Anxious to get him out of doors and among boys his own age, Julius decided to send Robert, at the age of fourteen, to a summer camp. For most of the other boys there, Camp Koenig was a mountain paradise of fun and camaraderie. For Robert, it was an ordeal. Everything about him made him a target for the cruelties young adolescents delight in inflicting on those who are shy, sensitive or different. The other boys soon began calling him “Cutie” and teased him mercilessly. But Robert refused to fight back. Shunning athletics, he walked the trails, collecting rocks. He made one friend, who recalled that Robert was obsessed that summer with the writings of George Eliot. The novelist’s major work, Middlemarch, appealed to him greatly, perhaps because it explored so thoroughly a topic he found so mysterious: the life of the inner mind in relation to the making and breaking of human relationships.

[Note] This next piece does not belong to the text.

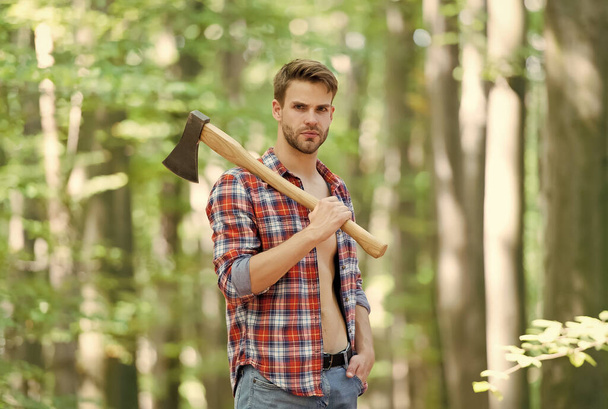lumberjack in forest holding an axe on his shoulder, nature - Zdjęcie, obraz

Then, however, Robert made the mistake of writing his parents that he was glad he had come to camp because the other boys were teaching him the facts of life. This prompted a quick visit by the Oppenheimers, and subsequently the camp director announced a crackdown on the telling of salacious stories. Inevitably, Robert was fingered for tattling, and so one night he was carried off to the camp icehouse, stripped and knocked about. As a final humiliation, the boys doused his buttocks and genitals with green paint. Robert was then left naked and locked inside the icehouse for the night. His one friend later said of this incident that Robert had been “tortured.” Robert suffered this gross degradation in stoic silence; he neither left the camp nor complained. “I don’t know how Robert stuck out those remaining weeks,” said his friend. “Not many boys would have—or could have—but Robert did. It must have been hell for him.” As his friends often discovered, Robert’s seemingly brittle and delicate shell actually disguised a stoic personality built of stubborn pride and determination, a characteristic that would reappear throughout his life.

Back in school, Robert’s highbrow personality was nurtured by the Ethical Culture School’s attentive teachers, all of whom had been carefully selected by Dr. Adler as models of the progressive education movement. When Robert’s math teacher, Matilda Auerbach, noticed that he was bored and restless, she sent him to the library to do independent work, and later he was allowed to explain to his fellow students what he had learned. His Greek and Latin instructor, Alberta Newton, recalled that he was a delight to teach: “He received every new idea as perfectly beautiful.” He read Plato and Homer in Greek, and Caesar, Virgil and Horace in Latin.

Robert always excelled. As early as third grade, he was doing laboratory experiments and by the time he was ten years old, in fifth grade, he was studying physics and chemistry. So clearly eager was Robert to study the sciences that the curator at the American Museum of Natural History agreed to tutor him. As he had skipped several grades, everyone regarded him as precocious—and sometimes too precious. When he was nine, he was once overheard telling an older girl cousin, “Ask me a question in Latin and I will answer you in Greek.”